The Royal Collection’s decision implicitly to define the Renaissance as sixteenth century is in many ways a return to an old fashion. Many would now use the terms High Renaissance and (though highly problematic) Mannerist to describe the trends in art of the generations of Michelangelo and his followers. But, to the nineteenth century, this is where it truly was: the art of the quattrocento – Masolino and Massaccio, Piero della Francesca, Mantegna himself – constituted ‘the Primitives’, before the grace and supposed perfection of the early cinquecento so influentially by Vasari. Few, however, would consider that we should return to those designations or that periodisation.
The real question, of course, is whether it matters. After all, the Royal Collection have provided a pleasurable exhibition which fits into the space available. In many ways, it does not matter or, rather, should not – but there are two current issues which do give it some import. In the first place, it relates to the academic division between ‘medieval’ and ‘early modern’, which, in history departments tends to fall around the year 1500. As someone who studies both sides of that divide and who sometimes describes himself an expert in that part of the Middle Ages called the Renaissance, this is one more example of a tendency which reinforces an unfortunate separation which we should be working instead to undermine.

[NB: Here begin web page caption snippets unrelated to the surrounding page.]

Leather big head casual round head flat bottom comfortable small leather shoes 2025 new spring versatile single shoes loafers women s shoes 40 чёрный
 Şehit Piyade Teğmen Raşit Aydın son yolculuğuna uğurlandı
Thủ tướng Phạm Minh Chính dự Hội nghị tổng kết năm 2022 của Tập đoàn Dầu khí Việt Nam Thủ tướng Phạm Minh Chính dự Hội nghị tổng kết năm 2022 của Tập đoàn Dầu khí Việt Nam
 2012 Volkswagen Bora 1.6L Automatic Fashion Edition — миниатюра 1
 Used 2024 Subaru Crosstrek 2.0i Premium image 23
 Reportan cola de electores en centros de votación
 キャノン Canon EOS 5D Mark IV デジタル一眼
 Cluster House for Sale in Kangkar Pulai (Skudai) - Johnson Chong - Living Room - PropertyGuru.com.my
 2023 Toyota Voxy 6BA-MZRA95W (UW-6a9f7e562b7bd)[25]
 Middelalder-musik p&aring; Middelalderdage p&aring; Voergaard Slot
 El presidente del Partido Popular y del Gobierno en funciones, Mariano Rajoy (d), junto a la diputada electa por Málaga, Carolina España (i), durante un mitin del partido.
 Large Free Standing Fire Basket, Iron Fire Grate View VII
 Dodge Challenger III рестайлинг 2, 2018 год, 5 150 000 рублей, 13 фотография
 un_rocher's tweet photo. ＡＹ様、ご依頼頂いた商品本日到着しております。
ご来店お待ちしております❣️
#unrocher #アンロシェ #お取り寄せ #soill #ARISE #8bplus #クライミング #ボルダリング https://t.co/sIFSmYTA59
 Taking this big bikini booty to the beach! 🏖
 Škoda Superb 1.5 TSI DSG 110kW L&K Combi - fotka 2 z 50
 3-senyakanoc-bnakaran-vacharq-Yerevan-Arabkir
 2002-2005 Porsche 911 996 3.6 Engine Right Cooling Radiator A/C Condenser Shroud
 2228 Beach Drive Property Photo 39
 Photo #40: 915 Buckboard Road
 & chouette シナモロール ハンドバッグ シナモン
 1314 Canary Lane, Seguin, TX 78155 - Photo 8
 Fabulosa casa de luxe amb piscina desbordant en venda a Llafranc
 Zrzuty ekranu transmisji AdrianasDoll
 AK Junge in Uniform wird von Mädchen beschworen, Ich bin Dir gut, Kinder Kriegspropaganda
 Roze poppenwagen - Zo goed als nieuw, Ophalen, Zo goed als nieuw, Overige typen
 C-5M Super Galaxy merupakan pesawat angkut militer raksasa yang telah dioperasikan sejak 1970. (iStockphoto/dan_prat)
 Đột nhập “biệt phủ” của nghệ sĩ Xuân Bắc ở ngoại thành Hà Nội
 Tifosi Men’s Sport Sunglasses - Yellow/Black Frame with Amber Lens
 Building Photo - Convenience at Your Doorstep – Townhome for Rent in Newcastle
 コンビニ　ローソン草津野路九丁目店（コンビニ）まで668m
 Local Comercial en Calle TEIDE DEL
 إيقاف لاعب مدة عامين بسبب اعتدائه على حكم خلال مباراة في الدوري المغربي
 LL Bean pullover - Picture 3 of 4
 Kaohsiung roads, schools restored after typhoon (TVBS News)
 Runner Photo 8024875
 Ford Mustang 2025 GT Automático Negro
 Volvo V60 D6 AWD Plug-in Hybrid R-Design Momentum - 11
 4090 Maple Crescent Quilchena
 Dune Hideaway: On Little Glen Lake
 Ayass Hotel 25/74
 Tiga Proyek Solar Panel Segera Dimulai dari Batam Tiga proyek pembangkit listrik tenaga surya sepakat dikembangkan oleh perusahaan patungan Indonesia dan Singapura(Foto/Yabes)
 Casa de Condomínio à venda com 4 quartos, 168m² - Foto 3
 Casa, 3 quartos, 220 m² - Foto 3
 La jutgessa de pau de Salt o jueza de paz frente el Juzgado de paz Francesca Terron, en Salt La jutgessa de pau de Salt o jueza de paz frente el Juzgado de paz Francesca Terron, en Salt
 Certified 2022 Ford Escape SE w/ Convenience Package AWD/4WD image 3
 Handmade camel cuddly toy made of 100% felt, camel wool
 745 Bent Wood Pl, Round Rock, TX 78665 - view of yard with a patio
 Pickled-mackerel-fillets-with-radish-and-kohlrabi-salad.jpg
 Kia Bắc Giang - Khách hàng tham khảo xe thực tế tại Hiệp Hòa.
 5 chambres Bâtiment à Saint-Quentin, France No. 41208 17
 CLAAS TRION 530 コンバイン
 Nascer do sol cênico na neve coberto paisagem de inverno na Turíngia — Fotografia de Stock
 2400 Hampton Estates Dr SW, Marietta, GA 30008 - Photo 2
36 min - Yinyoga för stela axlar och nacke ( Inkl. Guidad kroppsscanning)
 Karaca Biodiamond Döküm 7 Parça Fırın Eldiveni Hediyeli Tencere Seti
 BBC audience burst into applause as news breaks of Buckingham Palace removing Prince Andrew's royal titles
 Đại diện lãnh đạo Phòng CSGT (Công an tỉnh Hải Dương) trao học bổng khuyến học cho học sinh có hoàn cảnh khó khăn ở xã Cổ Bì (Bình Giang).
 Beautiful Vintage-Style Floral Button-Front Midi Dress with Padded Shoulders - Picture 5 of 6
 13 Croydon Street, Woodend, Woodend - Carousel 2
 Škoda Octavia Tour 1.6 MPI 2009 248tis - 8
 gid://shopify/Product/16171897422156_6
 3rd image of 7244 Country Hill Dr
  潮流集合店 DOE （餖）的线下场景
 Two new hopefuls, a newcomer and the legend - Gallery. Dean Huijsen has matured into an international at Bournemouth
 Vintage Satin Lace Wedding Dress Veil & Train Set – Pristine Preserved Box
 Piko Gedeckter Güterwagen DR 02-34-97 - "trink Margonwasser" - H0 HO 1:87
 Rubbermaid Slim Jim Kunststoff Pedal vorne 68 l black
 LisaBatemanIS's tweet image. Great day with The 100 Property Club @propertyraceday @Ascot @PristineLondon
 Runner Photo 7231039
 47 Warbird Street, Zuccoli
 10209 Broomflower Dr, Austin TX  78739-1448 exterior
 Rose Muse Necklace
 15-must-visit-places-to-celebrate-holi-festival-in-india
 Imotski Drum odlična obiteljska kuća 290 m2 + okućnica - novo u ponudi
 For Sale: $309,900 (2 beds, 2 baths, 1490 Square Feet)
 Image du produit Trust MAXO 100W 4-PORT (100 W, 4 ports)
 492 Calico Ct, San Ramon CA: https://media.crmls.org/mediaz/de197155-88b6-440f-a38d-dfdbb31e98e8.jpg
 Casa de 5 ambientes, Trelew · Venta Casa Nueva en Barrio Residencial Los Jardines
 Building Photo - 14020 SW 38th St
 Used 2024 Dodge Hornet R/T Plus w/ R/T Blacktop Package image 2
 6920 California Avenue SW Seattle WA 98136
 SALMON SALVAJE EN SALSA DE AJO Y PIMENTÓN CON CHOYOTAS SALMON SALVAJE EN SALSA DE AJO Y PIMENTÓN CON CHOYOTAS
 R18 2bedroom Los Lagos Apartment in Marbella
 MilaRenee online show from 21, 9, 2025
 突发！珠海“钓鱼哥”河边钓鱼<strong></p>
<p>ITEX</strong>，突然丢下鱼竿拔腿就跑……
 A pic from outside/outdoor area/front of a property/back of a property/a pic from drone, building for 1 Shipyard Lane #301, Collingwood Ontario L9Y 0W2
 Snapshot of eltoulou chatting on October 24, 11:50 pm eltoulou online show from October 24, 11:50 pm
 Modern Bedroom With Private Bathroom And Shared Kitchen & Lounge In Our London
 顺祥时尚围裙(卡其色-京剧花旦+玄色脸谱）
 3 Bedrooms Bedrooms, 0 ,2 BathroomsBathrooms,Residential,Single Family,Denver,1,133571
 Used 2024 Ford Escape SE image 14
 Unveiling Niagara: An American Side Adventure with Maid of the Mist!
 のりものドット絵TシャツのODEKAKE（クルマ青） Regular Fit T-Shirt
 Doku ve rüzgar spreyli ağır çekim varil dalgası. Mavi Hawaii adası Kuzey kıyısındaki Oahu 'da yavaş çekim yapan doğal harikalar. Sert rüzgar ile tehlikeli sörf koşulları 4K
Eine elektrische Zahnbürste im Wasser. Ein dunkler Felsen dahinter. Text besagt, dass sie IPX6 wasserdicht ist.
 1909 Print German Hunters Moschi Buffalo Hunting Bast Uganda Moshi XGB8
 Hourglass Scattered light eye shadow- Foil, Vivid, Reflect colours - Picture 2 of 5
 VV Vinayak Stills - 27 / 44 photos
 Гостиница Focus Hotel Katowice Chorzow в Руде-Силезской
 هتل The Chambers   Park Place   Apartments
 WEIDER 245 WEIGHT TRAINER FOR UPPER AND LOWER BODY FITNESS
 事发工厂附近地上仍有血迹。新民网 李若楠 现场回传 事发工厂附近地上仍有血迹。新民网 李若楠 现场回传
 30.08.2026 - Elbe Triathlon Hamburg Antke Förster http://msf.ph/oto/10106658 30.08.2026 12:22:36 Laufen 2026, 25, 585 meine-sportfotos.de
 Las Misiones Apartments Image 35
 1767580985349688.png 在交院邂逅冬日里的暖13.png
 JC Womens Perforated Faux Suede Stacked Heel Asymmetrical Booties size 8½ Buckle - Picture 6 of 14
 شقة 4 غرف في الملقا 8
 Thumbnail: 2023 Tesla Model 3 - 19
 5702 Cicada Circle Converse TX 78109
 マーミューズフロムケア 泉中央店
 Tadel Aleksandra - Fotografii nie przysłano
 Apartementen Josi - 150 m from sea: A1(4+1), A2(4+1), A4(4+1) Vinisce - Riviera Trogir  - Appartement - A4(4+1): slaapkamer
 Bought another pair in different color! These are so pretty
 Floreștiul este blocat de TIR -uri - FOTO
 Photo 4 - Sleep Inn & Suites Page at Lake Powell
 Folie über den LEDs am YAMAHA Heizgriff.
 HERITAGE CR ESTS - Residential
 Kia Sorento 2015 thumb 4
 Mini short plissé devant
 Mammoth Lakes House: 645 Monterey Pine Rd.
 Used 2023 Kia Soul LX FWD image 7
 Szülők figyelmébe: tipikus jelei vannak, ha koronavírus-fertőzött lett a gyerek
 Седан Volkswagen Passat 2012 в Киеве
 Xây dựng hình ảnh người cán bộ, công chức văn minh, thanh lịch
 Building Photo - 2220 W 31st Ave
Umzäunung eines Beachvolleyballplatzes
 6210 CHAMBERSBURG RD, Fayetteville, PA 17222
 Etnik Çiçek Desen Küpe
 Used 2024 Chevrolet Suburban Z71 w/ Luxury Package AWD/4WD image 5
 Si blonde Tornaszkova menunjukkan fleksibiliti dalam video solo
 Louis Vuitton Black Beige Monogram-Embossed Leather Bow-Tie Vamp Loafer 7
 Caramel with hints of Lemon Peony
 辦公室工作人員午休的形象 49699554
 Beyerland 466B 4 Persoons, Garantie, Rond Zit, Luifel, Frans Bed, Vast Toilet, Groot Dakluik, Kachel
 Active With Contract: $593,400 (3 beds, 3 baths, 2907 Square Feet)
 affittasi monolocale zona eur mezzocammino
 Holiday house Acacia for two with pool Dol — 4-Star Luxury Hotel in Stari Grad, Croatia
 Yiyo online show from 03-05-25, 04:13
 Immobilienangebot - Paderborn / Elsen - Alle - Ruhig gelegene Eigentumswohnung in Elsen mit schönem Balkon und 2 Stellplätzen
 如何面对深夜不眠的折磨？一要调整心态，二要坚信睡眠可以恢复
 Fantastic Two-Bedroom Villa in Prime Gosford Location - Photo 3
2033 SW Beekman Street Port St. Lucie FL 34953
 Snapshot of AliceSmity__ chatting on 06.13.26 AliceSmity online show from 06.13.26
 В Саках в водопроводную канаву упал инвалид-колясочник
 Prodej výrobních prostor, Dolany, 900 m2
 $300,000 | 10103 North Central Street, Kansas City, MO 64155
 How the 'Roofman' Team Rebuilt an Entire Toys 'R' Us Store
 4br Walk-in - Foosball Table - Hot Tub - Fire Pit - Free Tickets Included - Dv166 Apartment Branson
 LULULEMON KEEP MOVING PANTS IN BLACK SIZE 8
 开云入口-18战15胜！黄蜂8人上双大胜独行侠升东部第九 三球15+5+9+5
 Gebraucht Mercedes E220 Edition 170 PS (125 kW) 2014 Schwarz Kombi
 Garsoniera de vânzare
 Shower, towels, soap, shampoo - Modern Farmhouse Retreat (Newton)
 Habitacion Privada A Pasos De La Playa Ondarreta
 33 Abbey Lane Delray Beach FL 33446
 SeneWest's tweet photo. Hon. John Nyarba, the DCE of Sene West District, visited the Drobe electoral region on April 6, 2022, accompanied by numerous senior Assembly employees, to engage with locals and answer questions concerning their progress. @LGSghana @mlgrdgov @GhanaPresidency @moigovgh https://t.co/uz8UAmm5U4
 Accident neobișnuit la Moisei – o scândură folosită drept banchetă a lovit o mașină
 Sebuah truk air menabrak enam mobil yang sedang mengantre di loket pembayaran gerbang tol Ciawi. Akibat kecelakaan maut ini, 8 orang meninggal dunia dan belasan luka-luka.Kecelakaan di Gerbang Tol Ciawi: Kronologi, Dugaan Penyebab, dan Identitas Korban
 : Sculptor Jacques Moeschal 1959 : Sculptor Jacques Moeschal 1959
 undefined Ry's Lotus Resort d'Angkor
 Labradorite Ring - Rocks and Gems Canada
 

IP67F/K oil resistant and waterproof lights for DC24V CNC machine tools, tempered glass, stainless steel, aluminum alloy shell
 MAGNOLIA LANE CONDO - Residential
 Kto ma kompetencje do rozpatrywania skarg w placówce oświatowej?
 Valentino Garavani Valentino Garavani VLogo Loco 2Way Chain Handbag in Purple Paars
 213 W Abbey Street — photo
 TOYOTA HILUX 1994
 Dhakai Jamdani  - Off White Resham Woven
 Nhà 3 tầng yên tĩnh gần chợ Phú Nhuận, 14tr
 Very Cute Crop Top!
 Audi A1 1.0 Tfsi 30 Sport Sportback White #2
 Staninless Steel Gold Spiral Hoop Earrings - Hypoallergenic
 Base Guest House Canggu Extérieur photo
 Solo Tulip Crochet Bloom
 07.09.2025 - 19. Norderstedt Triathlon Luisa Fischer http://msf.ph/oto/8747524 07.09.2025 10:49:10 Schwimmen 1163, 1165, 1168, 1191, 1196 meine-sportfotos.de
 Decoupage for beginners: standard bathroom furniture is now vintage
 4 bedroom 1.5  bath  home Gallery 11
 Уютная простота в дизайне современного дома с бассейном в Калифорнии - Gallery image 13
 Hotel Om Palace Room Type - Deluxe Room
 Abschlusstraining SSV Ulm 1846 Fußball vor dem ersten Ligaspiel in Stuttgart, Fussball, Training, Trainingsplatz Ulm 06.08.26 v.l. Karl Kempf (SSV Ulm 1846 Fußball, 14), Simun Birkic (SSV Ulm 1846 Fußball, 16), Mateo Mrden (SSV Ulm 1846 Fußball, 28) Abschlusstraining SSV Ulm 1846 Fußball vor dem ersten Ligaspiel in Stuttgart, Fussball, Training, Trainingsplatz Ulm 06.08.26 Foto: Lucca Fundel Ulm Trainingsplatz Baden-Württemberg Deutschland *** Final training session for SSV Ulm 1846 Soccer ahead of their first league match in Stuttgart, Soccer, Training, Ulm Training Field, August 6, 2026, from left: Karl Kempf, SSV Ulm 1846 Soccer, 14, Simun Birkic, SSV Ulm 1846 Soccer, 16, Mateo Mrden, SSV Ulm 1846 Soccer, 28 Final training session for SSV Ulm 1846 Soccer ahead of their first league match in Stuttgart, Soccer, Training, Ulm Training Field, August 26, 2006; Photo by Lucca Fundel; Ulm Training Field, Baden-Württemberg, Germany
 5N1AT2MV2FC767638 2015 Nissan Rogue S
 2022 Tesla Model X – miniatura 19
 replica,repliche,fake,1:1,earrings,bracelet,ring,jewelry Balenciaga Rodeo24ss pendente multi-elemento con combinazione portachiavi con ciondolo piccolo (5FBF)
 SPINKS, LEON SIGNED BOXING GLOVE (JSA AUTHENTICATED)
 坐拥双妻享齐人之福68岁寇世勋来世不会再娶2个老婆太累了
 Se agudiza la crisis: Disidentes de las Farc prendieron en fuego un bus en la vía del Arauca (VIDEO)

This, though, is about more than the relatively unimportant matter of how academic departments choose to organise themselves. What is also at stake is how we perceive historical ‘progress.’ There are surely few, if any, historians who would admit to believing that there was some definable shift from ‘medieval’ to ‘early modern’, a moment or simple process moving from one era of society to another. The passage from past to present is more complex, and much less about a linear vector of development, than that would suggest. But I would want to take this further and to warn against making too close an association between different cultural ‘movements’ or phenomena. Historiography can provide many ‘Renaissances’, particularly clustered in the sixteenth century but – as the case of Italy shows – not confined to that time-period. In popular textbooks, the impression can be given that those Renaissances, usually defined by country, share an identity, as if it were a baton-race from nation to nation. It is wise to be aware of the evident links between these phenomena, but all the more essential to appreciate the disconnections and the distance between them. In the end, we can use the concept as we wish, either confining our own use to the sixteenth century or allowing to range from the fourteenth to the seventeenth centuries in chosen contexts – just as long as we recognise we are always constructing ‘Renaissances’ for ourselves rather than expressing some ineffable reality.
In short, it is tidier to have a Renaissance confined to the sixteenth century and certainly less complicated to imagine it was a single phenomenon which manifested itself across Europe. But, in this case, I am on the side of messiness.